Che cosa farà Trump? Non resta che aspettare.
Non si deve però esagerare con l’ottimismo, salvo poi cedere alla delusione. Il mondo cambia veramente in meglio quando gli uomini si convertono e, così, muta il senso comune di un popolo. Certo, le leggi e i decreti aiutano, favoriscono i cambiamenti in positivo e sono un ostacolo al male. La politica aiuta, ma non basta. Oltretutto non dimentichiamo che chi odia tutto ciò che Trump rappresenta, cioè una concezione della politica che vorrebbe conservare i principi fondamentali del senso comune, non starà con le mani in mano, ma farà di tutto per cercare di farlo cadere, in un’America divisa quasi a metà, nella quale Trump ha preso soltanto due milioni di voti in più della sua rivale. Hanno cercato di ucciderlo durante la campagna elettorale, non si rassegneranno alla sconfitta.

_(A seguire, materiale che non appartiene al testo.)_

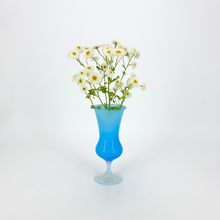 Load image into Gallery viewer, Venetian Murano Opaline Vase - Blue Trumpet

Rimane il problema dell’Europa. Al Forum di Davos sono passati, nei giorni scorsi, tutti gli sconfitti nella battaglia contro Trump, segno che i famosi “complotti di Davos” non erano così vincenti come qualche complottista aveva fatto credere. Ma adesso non commettiamo l’errore contrario, pensando che tutto andrà per il meglio. L’Europa è messa male. La Germania è in campagna elettorale, la Francia è praticamente senza governo, soltanto l’Italia del governo Meloni in questo momento rappresenta un’Europa stabile, alleata agli Stati Uniti, convinta della necessità di promuovere l’Occidente e i suoi valori nativi. E’ un ruolo importante, che può aiutare Trump a ricordarsi delle responsabilità dell’America, a rammentare che l’isolazionismo non fa bene a nessuno, che Ucraina e Taiwan hanno bisogno degli Stati Uniti, così come la stessa Europa.